Des : Des . ID // Des = mystack ste, ID = pop ste
| Des ( AL ) // Des = pop ste, how to access mystack ste?
AL : AL E
| E
Unfortunately, the grammar and our single STE result per rule
convention does not allow passing both STE's to the method invocation;
moreover, we can't put mystack on the call stack early, because...
2) Nested/recursive method calls
At the time that we'd want to go ahead and put "mystack" as an extra
argument to pop (or push), the
compiler hasn't generated the function calls that are likely to appear
in the argument list. In the case of
mystack.push(mystack2.top());
the mystack2 call as to be handled before the compiler can start
emiting code for the mystack->push call.
As usual, we can use a stack to handle the nested/recursive nature
of the constructs.
Note:
The offsets stored for method STE's need to account for the
fact that an extra argument has been stuck at the front.
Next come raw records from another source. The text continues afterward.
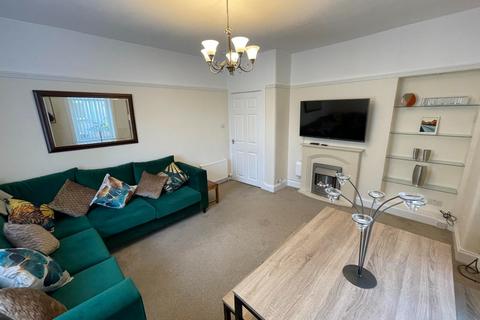 2 bedroom flat to rent, George Street, Largs, North Ayrshire, KA30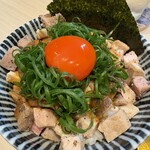入鹿TOKYO 六本木 - お肉賄いご飯（400円）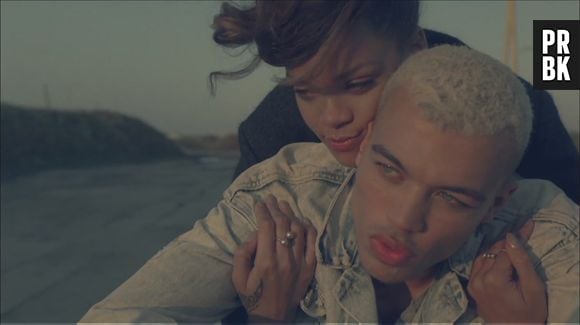 O hit "We Found Love", parceria entre Rihanna e Calvin Harris, foi eleito o hit do século!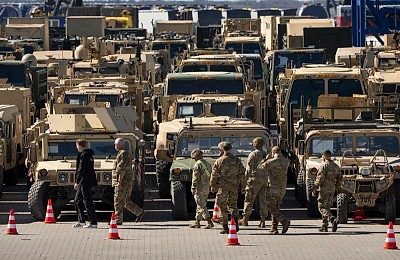 Dacă se decide „pacea lui Trump” în Ucraina, ce va face Europa cu atâtea arme și pregătiri de luptă?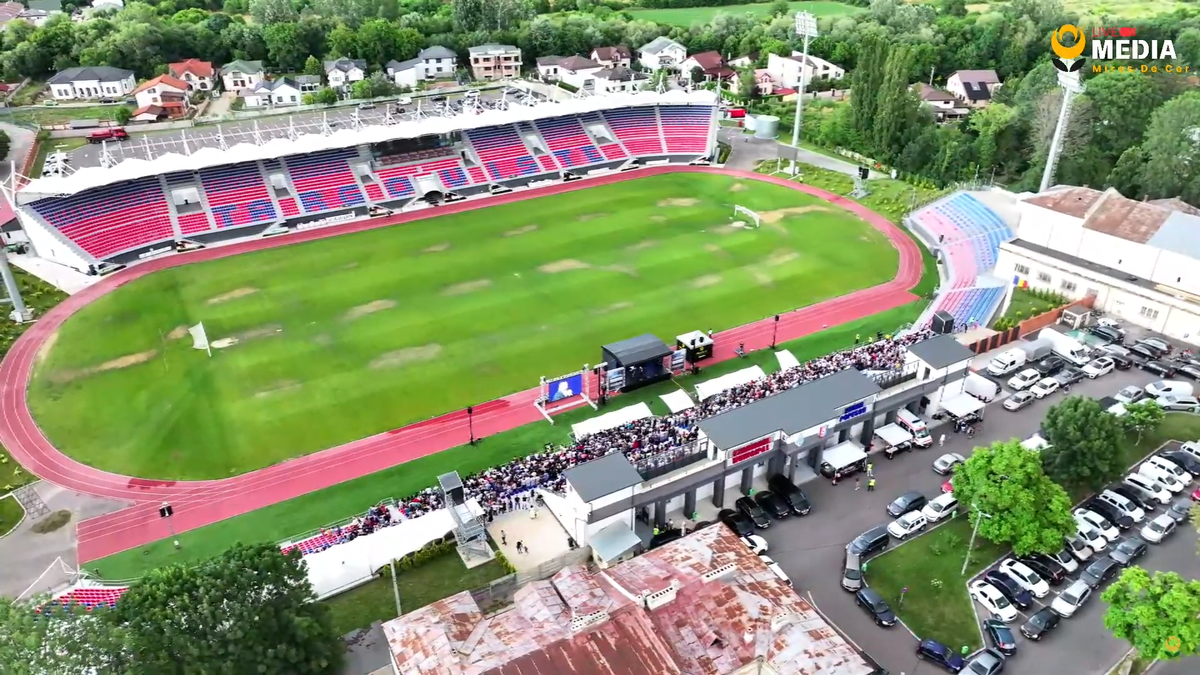 Cum arată gazonul stadionului „Eugen Popescu” din Târgoviște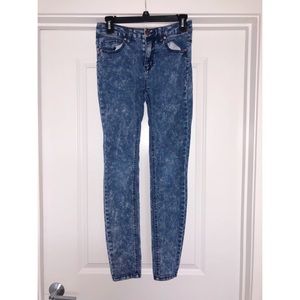 Acid Wash Low-rise Jeans!!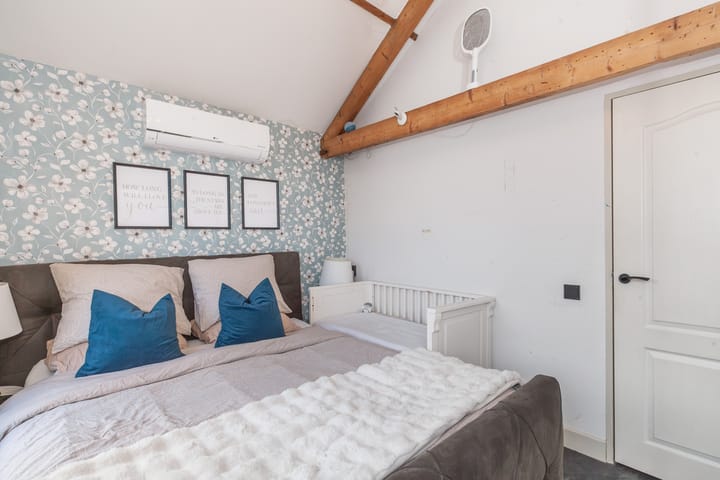 Photo 22 of Graaf van Bloisstraat 65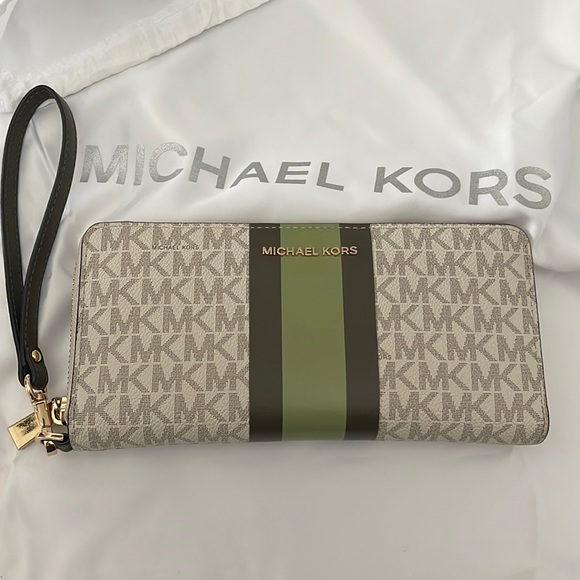 Handbags - Michael kors. Logo stripe continental wristlet.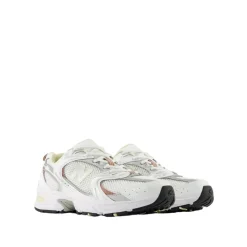 530 Sneakers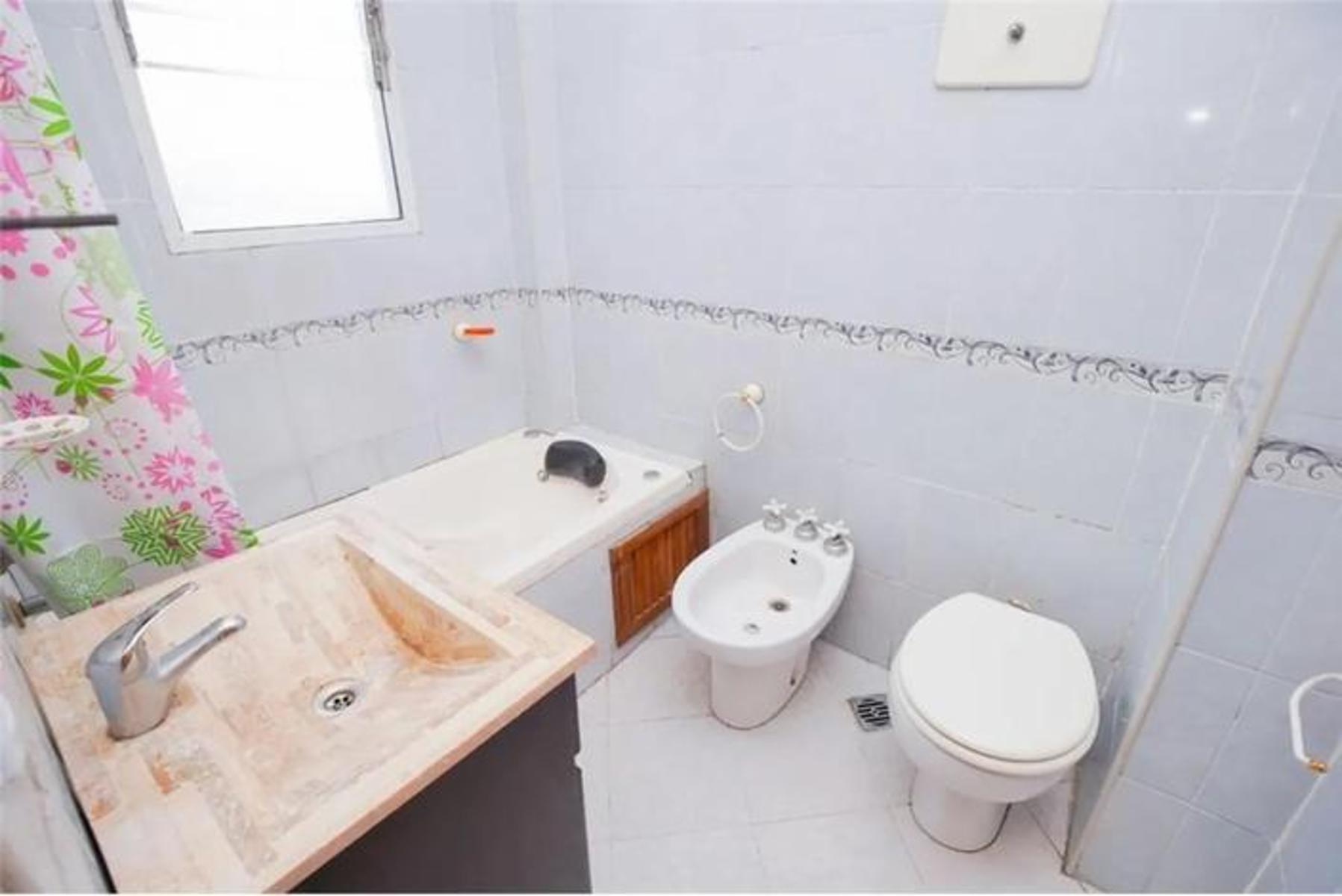 Departamento de 2 ambientes en Floresta. — foto 9
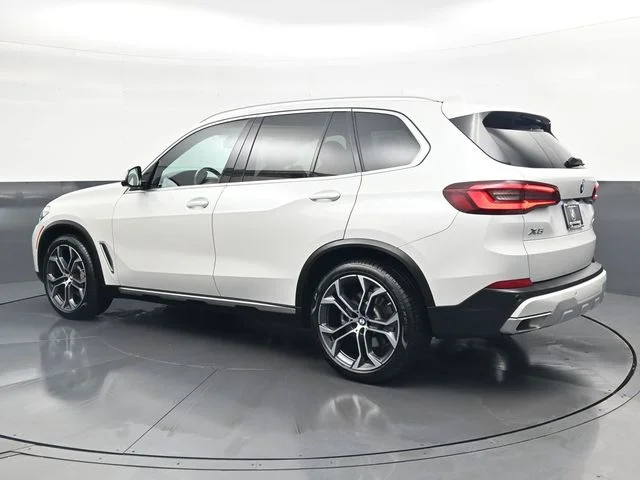 Used 2023 White BMW sDrive40i image 7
You could
put it at the end, too, to avoid the problem.
3) Distinguishing between method calls and field references
Now that we feel we've created solutions to both our record field access problem
(even inside a method call) and our method invocation problem
we're done.
Except how do we
know when to use what solution?
The "Des . ID" syntax does not distinguish variable
reference and type-bound procedure call, which are handled differently.
You need to have an explicit test in the rule to distinguish the two
cases and generate different code for them:
Des : Des . ID { field_si := $1->lookup($3); if (field_si->isProc()) ... }
Type-bound Procedure Naming
- Because of type-bound procedures, there can be several procedures with
the same name.
- In Oberon the type-bound procedure is in the scope of the record,
so it can't be confused with a global procedure of the same name.
You just look it up in the record's symbol table.
- In assembler, however, there is only one, global scope. What to do?
- Simple solution is to prepend the record name on the type-bound
procedure's name.
- For example init might become Stack__init. (There is
a convention that says that programmers should not use double-underscore
in their C/C++ programs; the compiler uses such names. You could also
put some strange symbol in the name like % or $, I think, to avoid
name clashes.)
Dynamic Allocation
- For us, this is easy: call C's cmalloc, don't do init
- write C program that does a cmalloc, mimic the code
- pass to it the size of your object in bytes (ste->type()->size())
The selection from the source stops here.